EXERCISE DIRECTIONS >> Every line of the material below needs to be copied exactly; omit the pictures.

DATASET CONTENT >>
· · ·
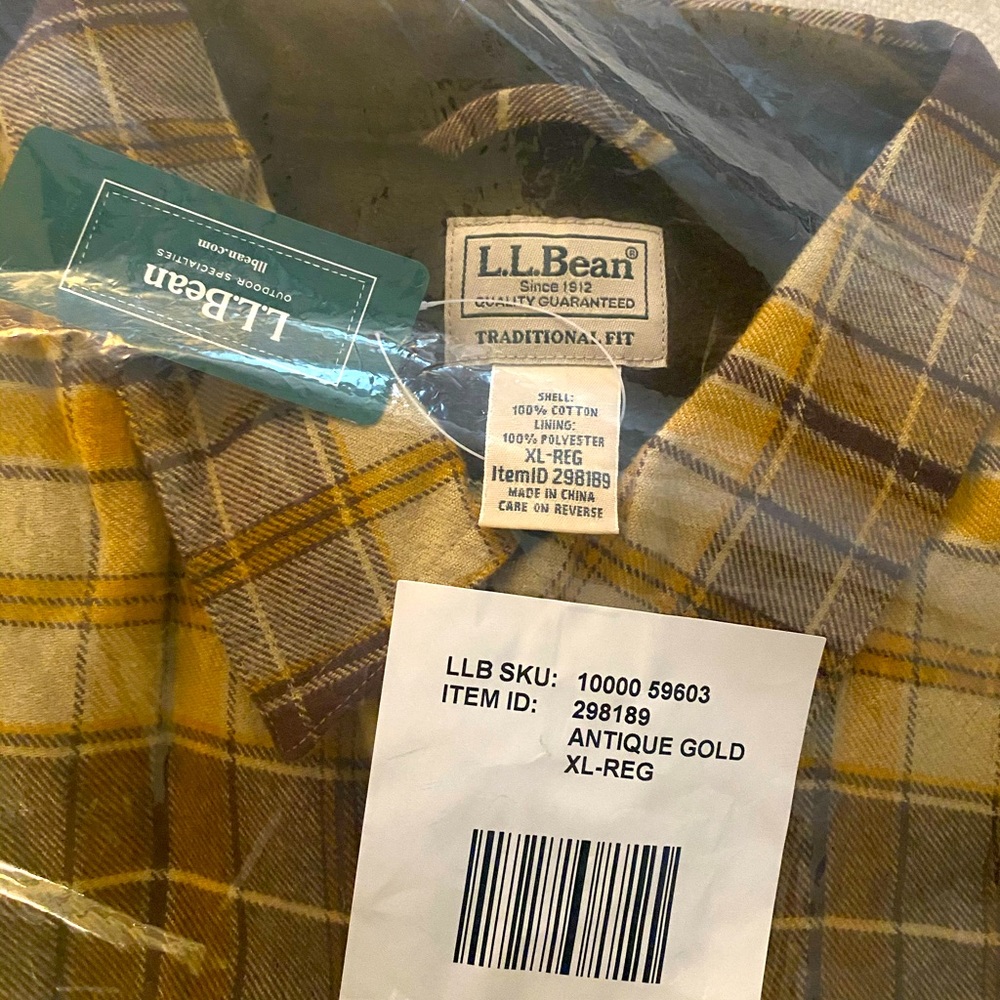 Men’s LL Bean fleece lined flannel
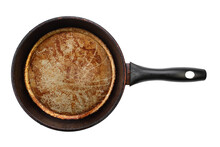 Dirty Old Frying Pan On White Background. File Contains Clipping Path.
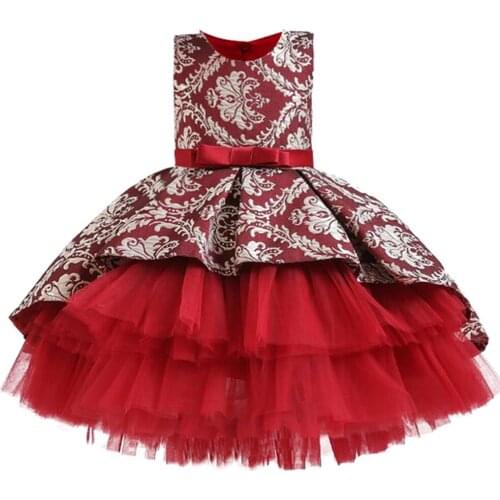 Autumn Winter Dress Girls Princess Dresses Jacquard Dress Tutu Catwalk Show Prom Dress Flower Girl Knot Evening Dress 1-8 Years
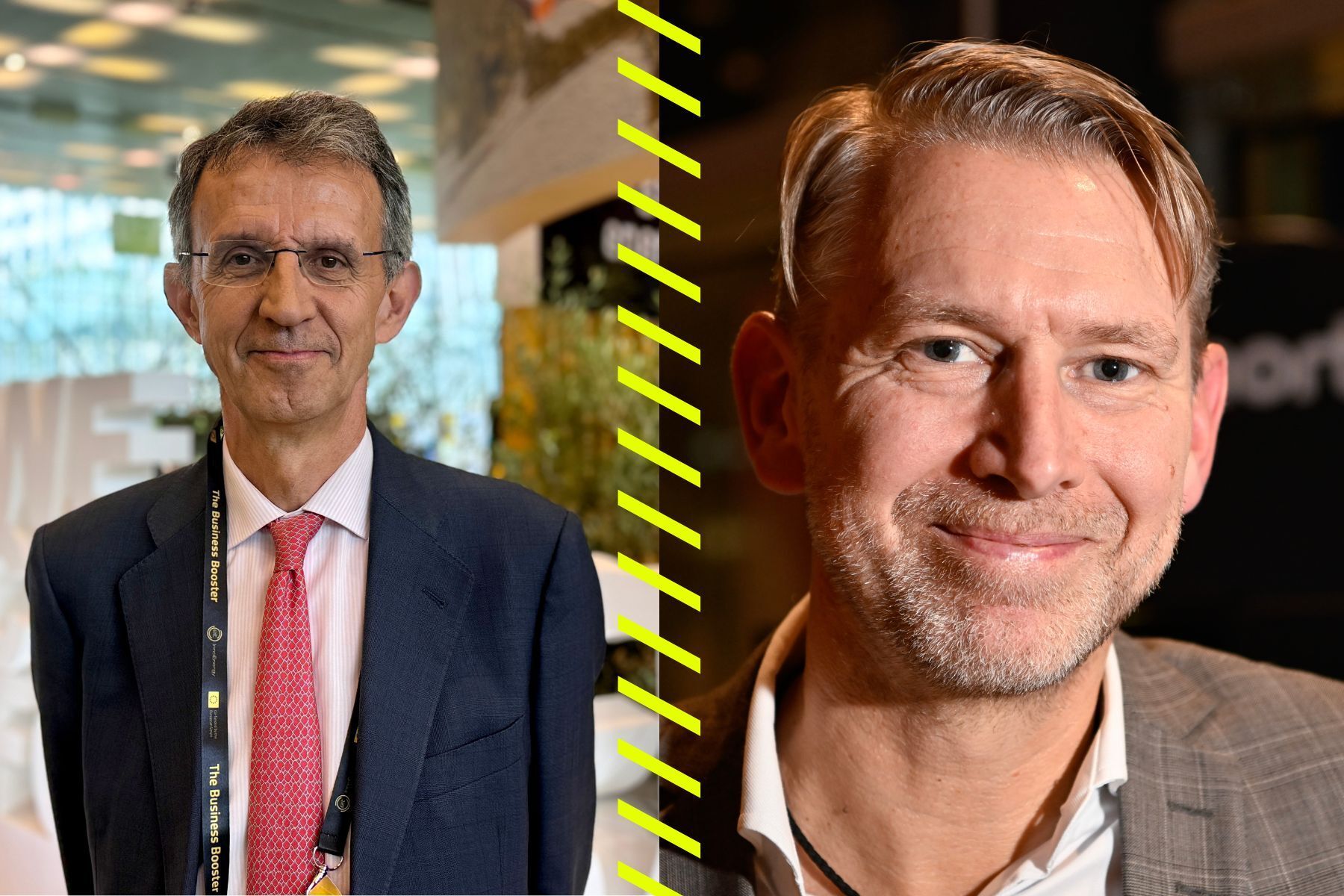 Diego Pavía, vd för EIT InnoEnergy (foto Camilla Bergman, Impact Loop) och Peter Carlsson (foto TT).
· · ·
EXERCISE RESPONSE >>
 Men’s LL Bean fleece lined flannel
 Dirty Old Frying Pan On White Background. File Contains Clipping Path.
 Autumn Winter Dress Girls Princess Dresses Jacquard Dress Tutu Catwalk Show Prom Dress Flower Girl Knot Evening Dress 1-8 Years
 Diego Pavía, vd för EIT InnoEnergy (foto Camilla Bergman, Impact Loop) och Peter Carlsson (foto TT).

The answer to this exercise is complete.